WORK TO BE COMPLETED
The listing is to be printed word for word, pictures omitted.

INPUT FOR THIS TASK
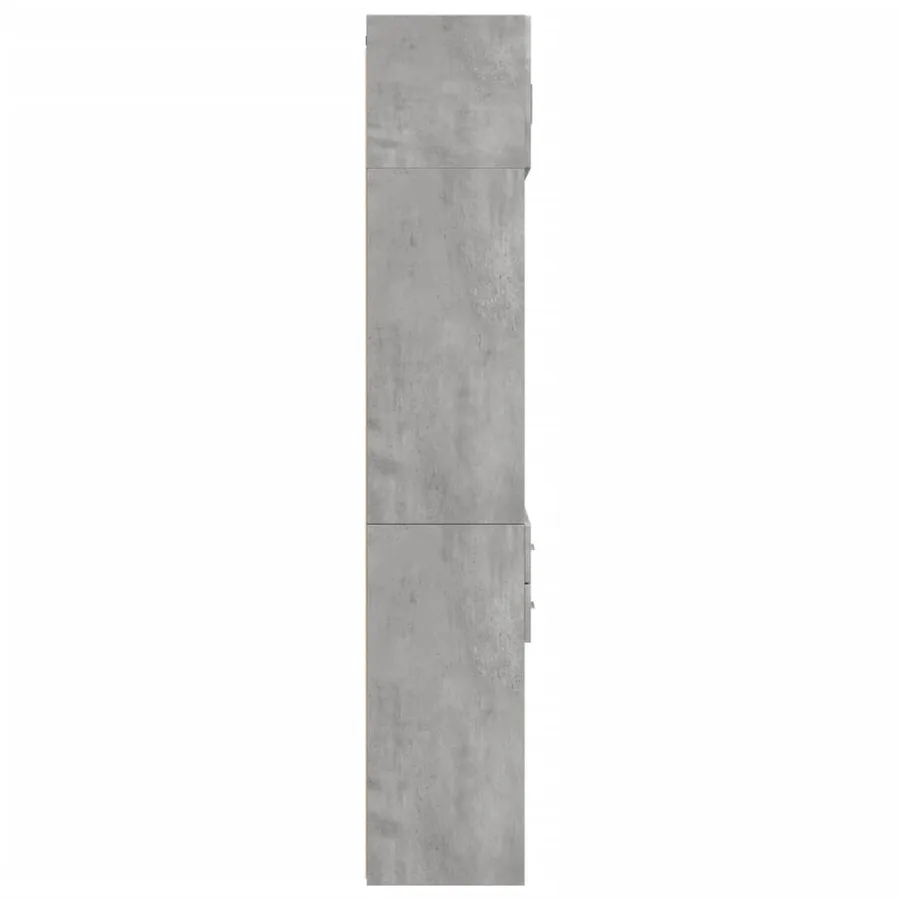 Armoire de rangement gris béton 70x42,5x225cm bois d'ingénierie - 7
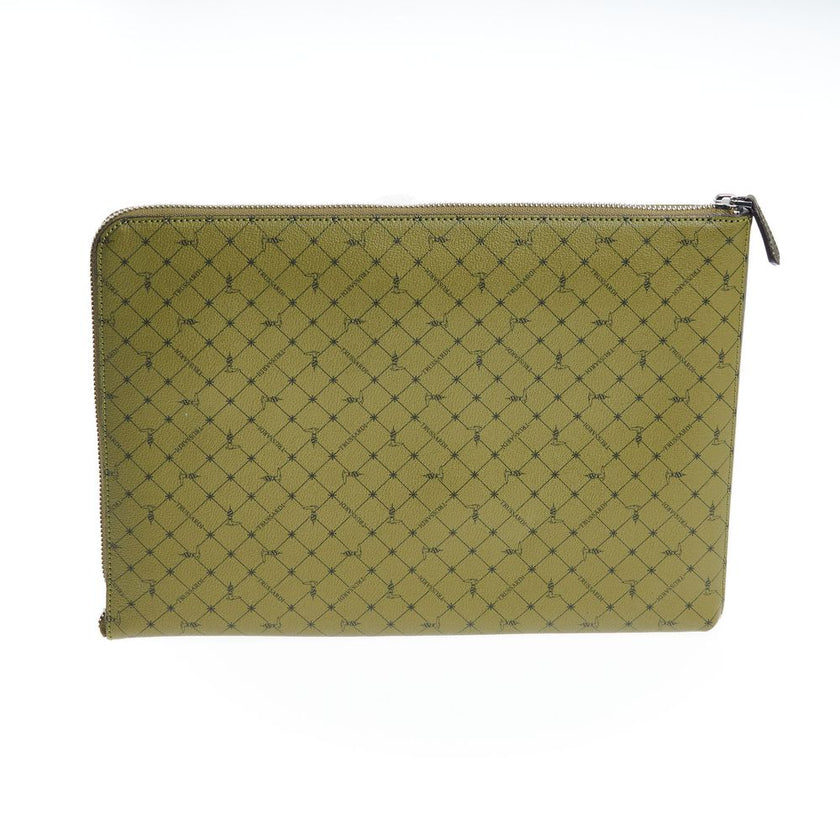 Trussardi Grüne Leder-Clutch für Herren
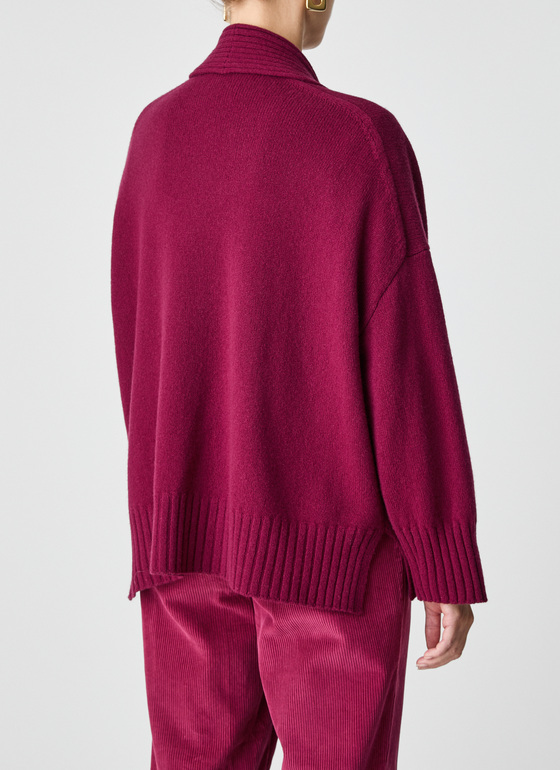 Strickjacke Schalkragen 1/1 Arm Bordeaux Frontansicht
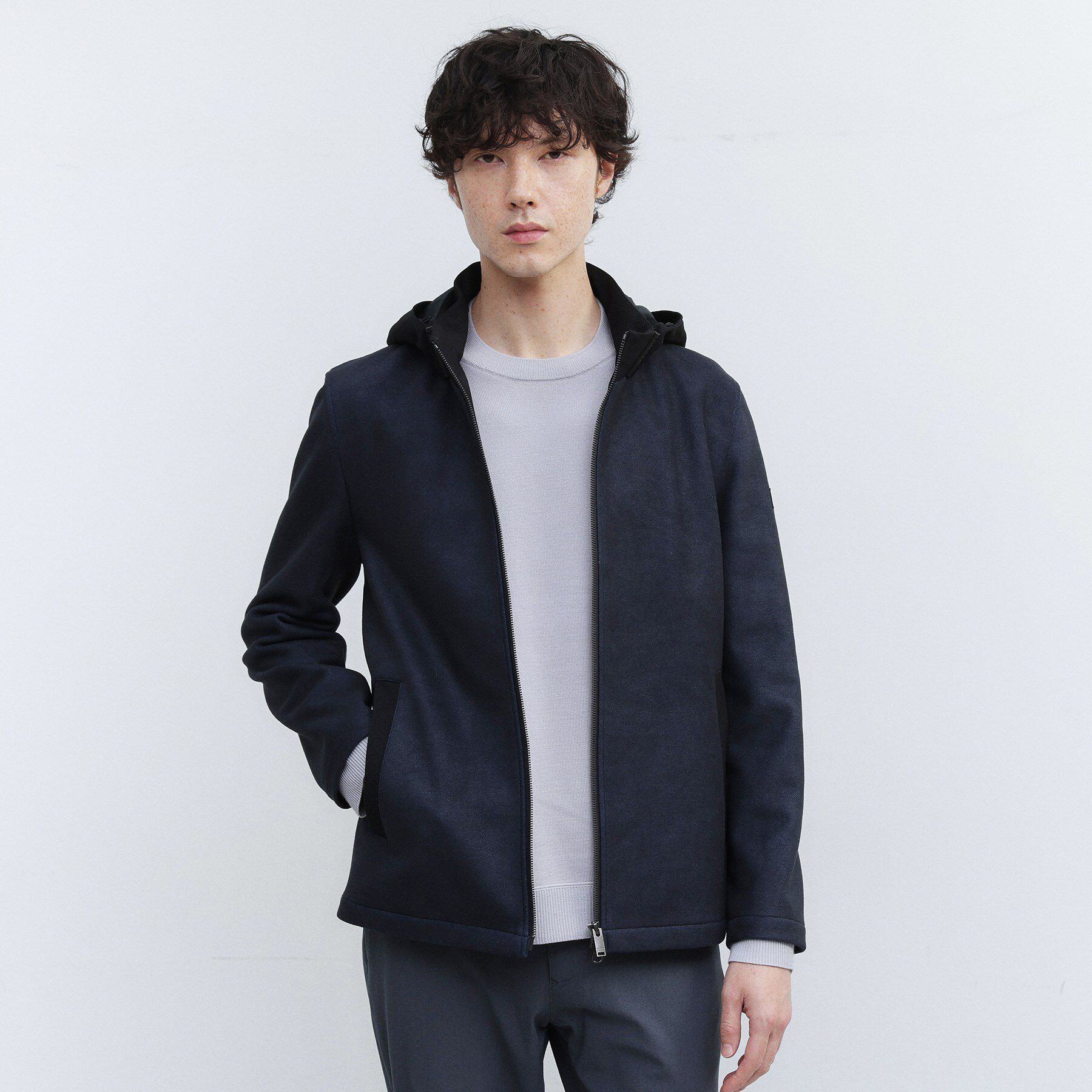 TAKEO KIKUCHI「【JUST ONE LAYER】ダウンファブリック ジップアップ フード ブルゾン」|ブルゾン・スタジャン|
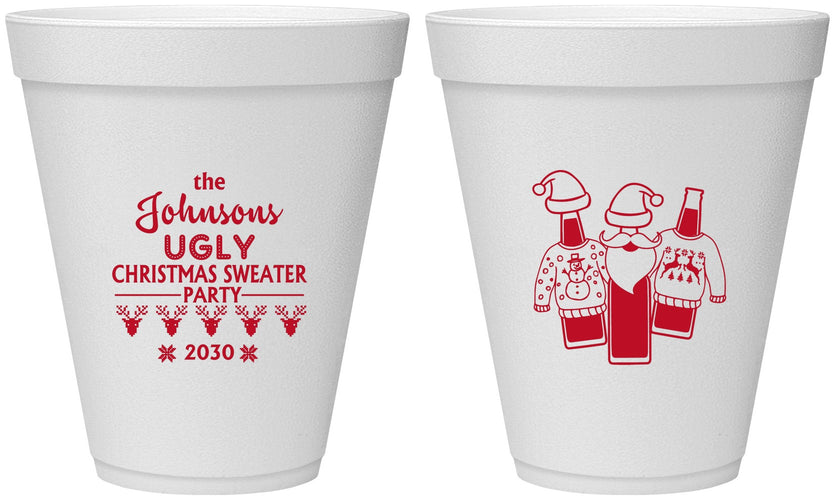 Personalized Christmas 12 oz Foam Cups - Ugly Sweater | 280022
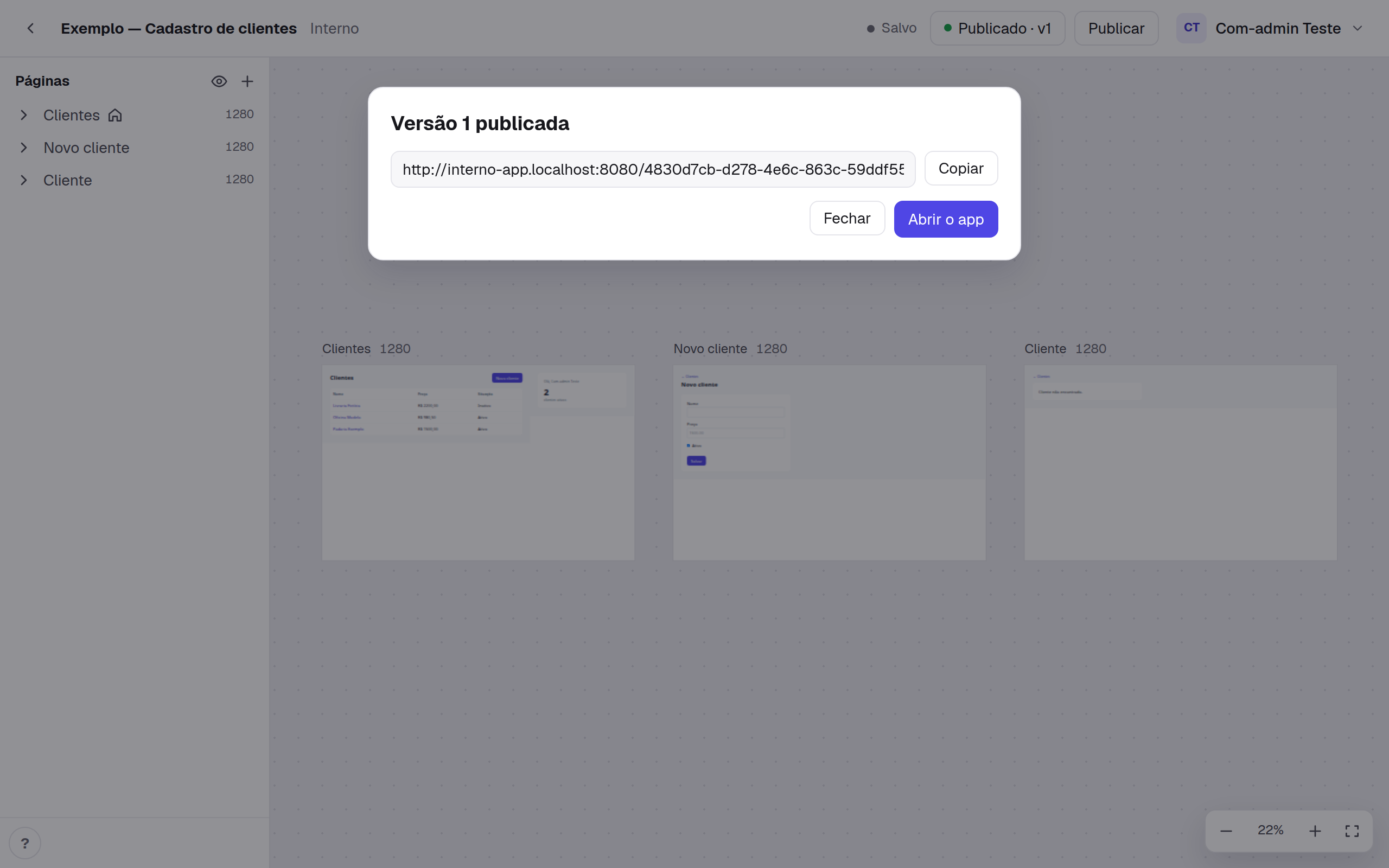 O diálogo Versão 1 publicada, com o link do app, o Copiar, o Fechar e o Abrir o app; no alto, o status verde Publicado · v1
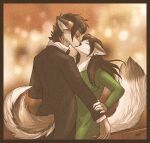  absurd_res anthro bow_(stringed_instrument) canid canine canis clothing duo eyewear female glasses hair hi_res kissing male male/female mammal tatujapa wolf 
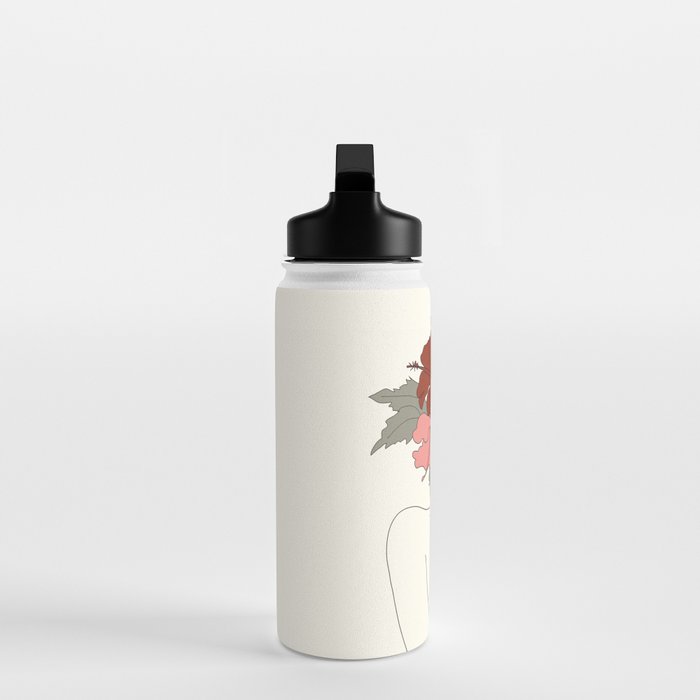 Colorful Thoughts Minimal Line Art Woman with Hibiscus Water Bottle Gallery Image 3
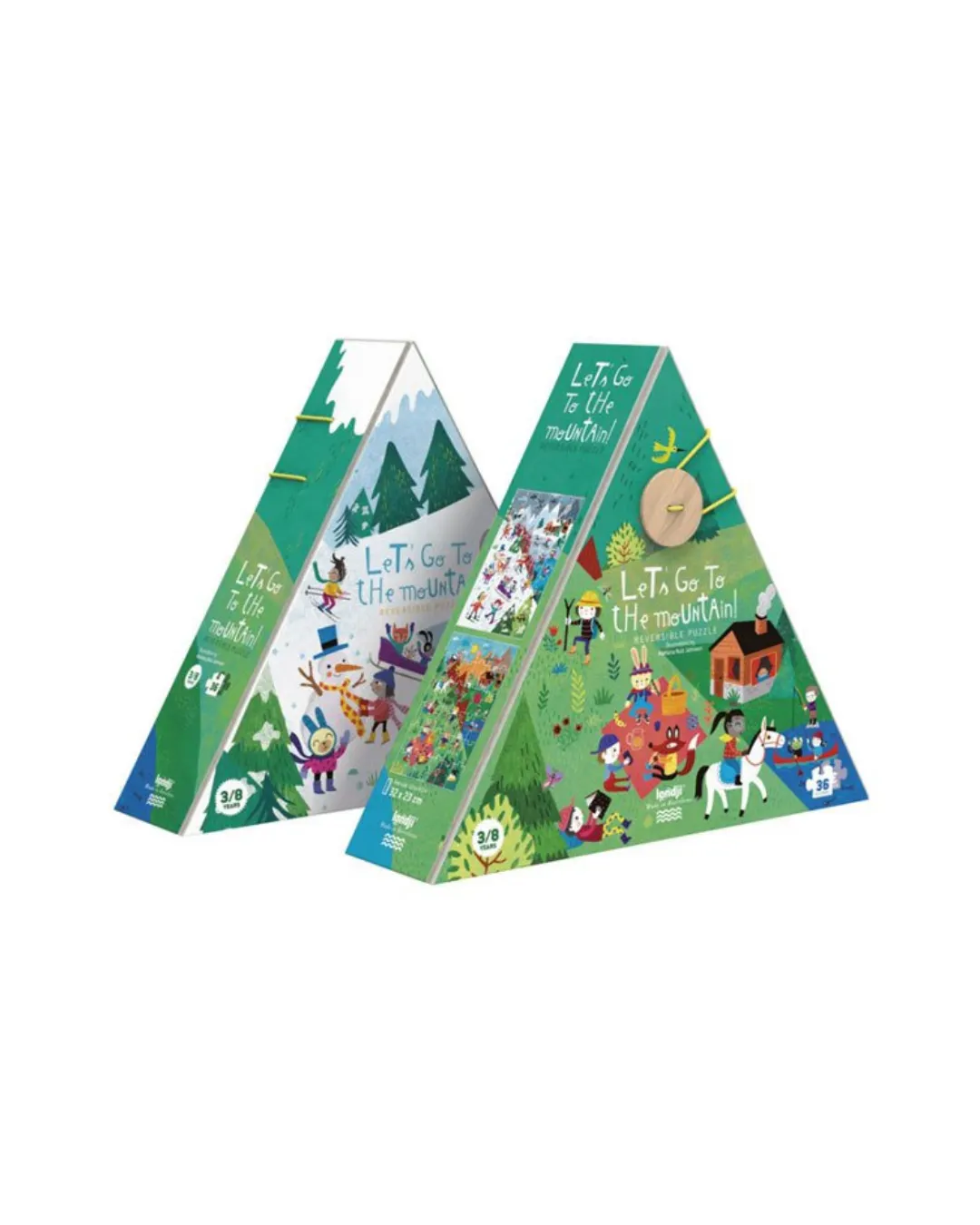 Londji - dwustronne puzzle dla dzieci Lato i Zima w górach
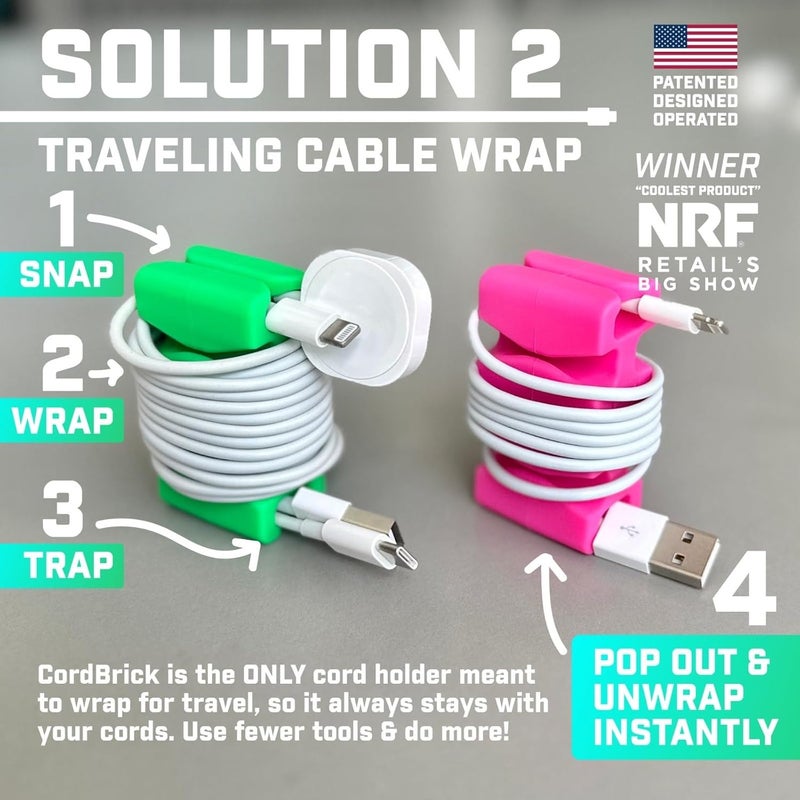 CordBrick Stocking Stuffers for Adults Cord Management Weighted Cord Holder Cable Wrap Phone Stand - Multiuse Gadget Organizer for Nightstand, Desk. Gift for Men, Durable Silicone. 6pk Asst Neutrals - Image 3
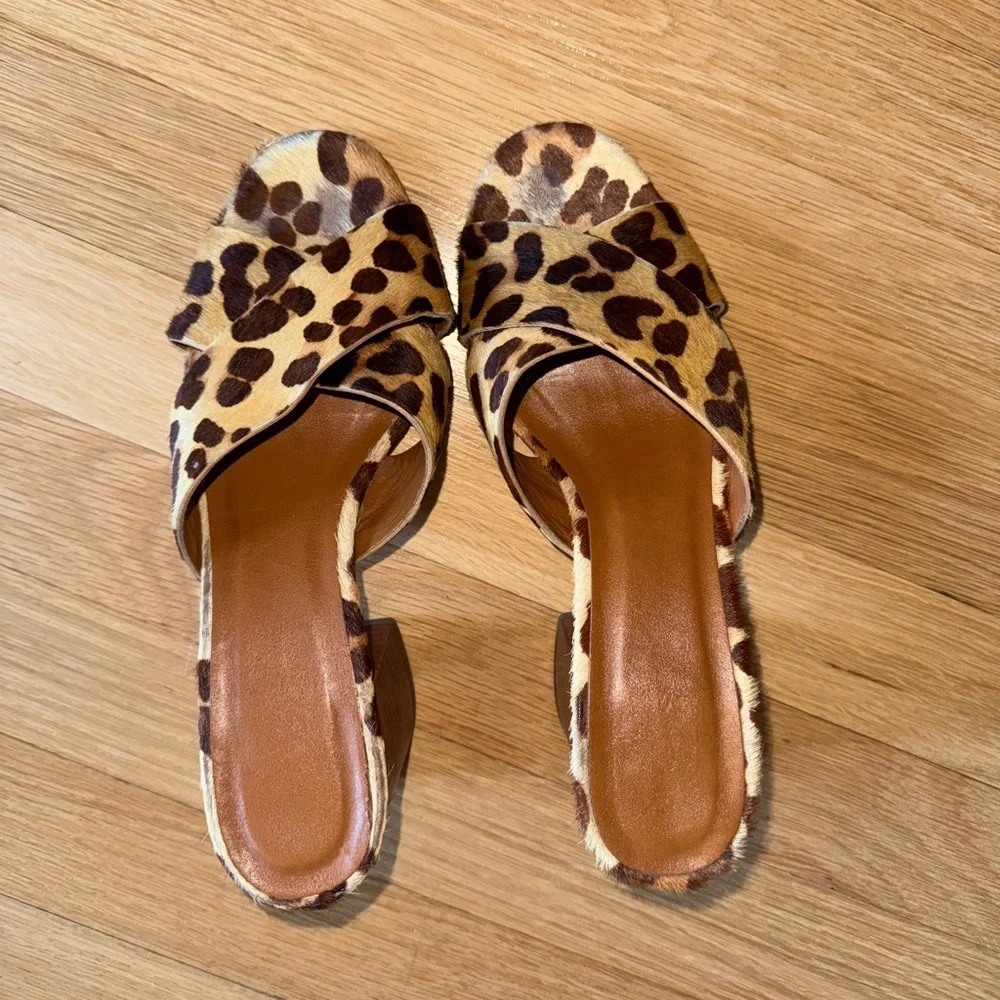 Lulu’s Henri Leopard Calf Hair Peep-Toe Mules - Picture 7 of 8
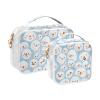 Bolaz 2 Pack Clear Cosmetic Bags with Handles-Snowman Face Pattern, PVC Toiletry Bags Zipper Waterproof Portable Travel Storage Pouch view 2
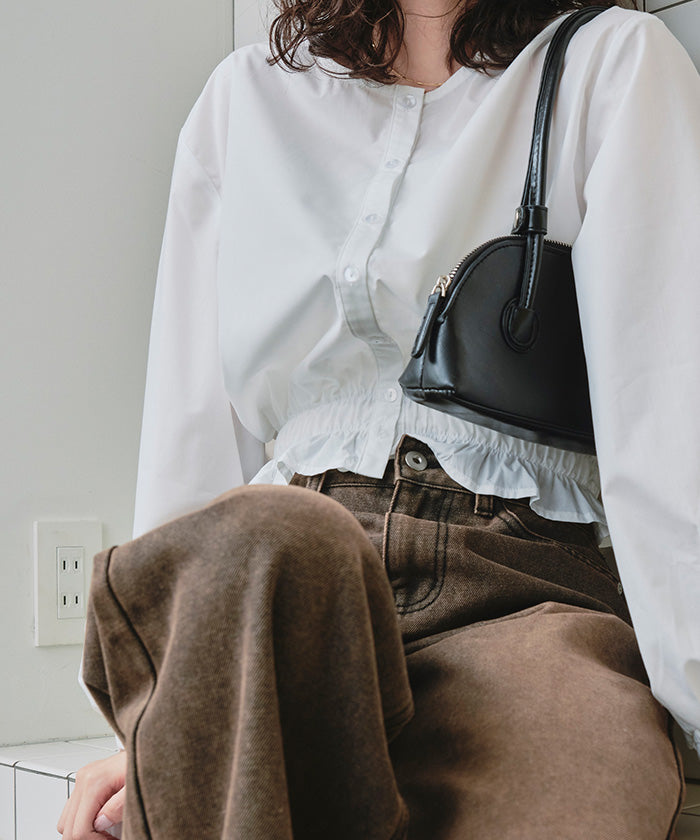 Titivate titivate crew neck hem shirring blouse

THE ANSWER
 Armoire de rangement gris béton 70x42,5x225cm bois d'ingénierie - 7
 Trussardi Grüne Leder-Clutch für Herren
 Strickjacke Schalkragen 1/1 Arm Bordeaux Frontansicht
 TAKEO KIKUCHI「【JUST ONE LAYER】ダウンファブリック ジップアップ フード ブルゾン」|ブルゾン・スタジャン|
 Personalized Christmas 12 oz Foam Cups - Ugly Sweater | 280022
 O diálogo Versão 1 publicada, com o link do app, o Copiar, o Fechar e o Abrir o app; no alto, o status verde Publicado · v1
  absurd_res anthro bow_(stringed_instrument) canid canine canis clothing duo eyewear female glasses hair hi_res kissing male male/female mammal tatujapa wolf 
 Colorful Thoughts Minimal Line Art Woman with Hibiscus Water Bottle Gallery Image 3
 Londji - dwustronne puzzle dla dzieci Lato i Zima w górach
 CordBrick Stocking Stuffers for Adults Cord Management Weighted Cord Holder Cable Wrap Phone Stand - Multiuse Gadget Organizer for Nightstand, Desk. Gift for Men, Durable Silicone. 6pk Asst Neutrals - Image 3
 Lulu’s Henri Leopard Calf Hair Peep-Toe Mules - Picture 7 of 8
 Bolaz 2 Pack Clear Cosmetic Bags with Handles-Snowman Face Pattern, PVC Toiletry Bags Zipper Waterproof Portable Travel Storage Pouch view 2
 Titivate titivate crew neck hem shirring blouse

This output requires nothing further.